Don Cándido se ha levantado a impulsos de su emoción; yo pienso que he cometido una indiscreción enorme.

-Ya sé, señor Azorín, de dónde viene todo eso -dice don Cándido-; ya sé que hay ahora una corriente en contra de Argamasilla; pero no se me oculta que estas ideas arrancan de cuando Cánovas iba al Tomelloso y allí le llenaban la cabeza de cosas en perjuicio de nosotros. ¿Usted no conoce la enemiga que los del Tomelloso tienen a Argamasilla? Pues yo digo que Don Quijote era de aquí; Don Quijote era el propio don Rodrigo de Pacheco, el que está retratado en nuestra iglesia, y no podrá nadie, nadie, por mucha que sea su ciencia, destruir esta tradición en que todos han creído y que se ha mantenido siempre tan fuerte y tan constante...

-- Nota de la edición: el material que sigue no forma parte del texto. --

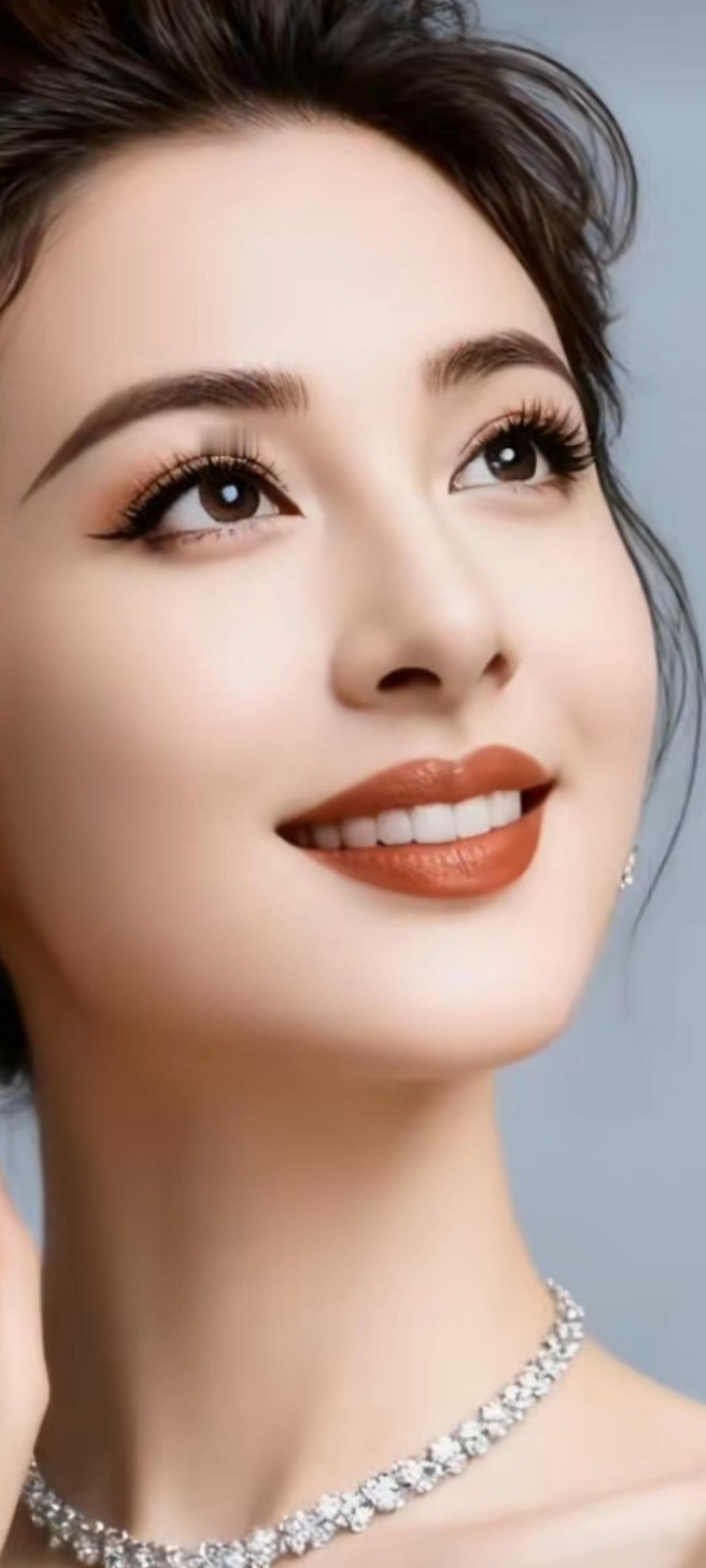 优雅气质，闪耀项链，甜美笑容，女神范儿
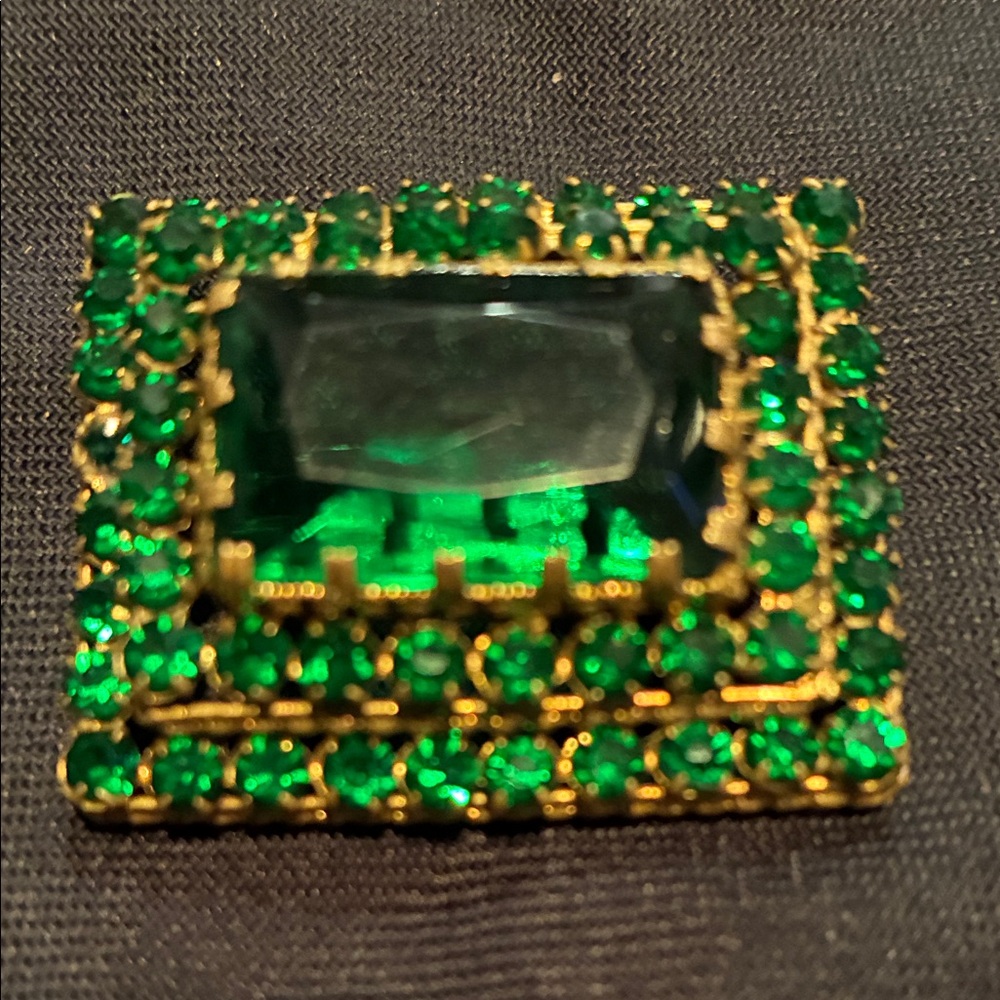 Vintage Emerald Green and Gold Tone Brooch Marked Czechoslovakian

¿Qué voy a decirle yo a don Cándido, a este buen clérigo, modelo de afabilidad y de discreción, que vive en esta casa tan confortable, que viste estos hábitos tan limpios? Ya creo yo también a pies juntillas que don Alonso Quijano el Bueno era de este insigne pueblo manchego.


 Poco antes que Azorín, y por el mismo motivo, el poeta nicaragüensa Rubén Darío también visitó la localidad y por supuesto la cueva: “En verdad os digo que causa pena y disgusto el ver el estado en que se mantiene esa propiedad, que debía pertenecer al estado y ser visitado como se visita la casa de Shakespeare en Stanford-on-Avon y la casa de Víctor Hugo en París (…) Descendí guiado por un chico, entre polvo y suciedad. Es aquello un palomar y un reino de ratones. Allí hay plumas, fiemo, zapatos viejos. Se ve el agujero del cepo a que estuvo atado Cide Hamete Benengeli… en cuanto al cepo mismo, me dijeron que “lo quemó la tía Martina para hacer arrope”. 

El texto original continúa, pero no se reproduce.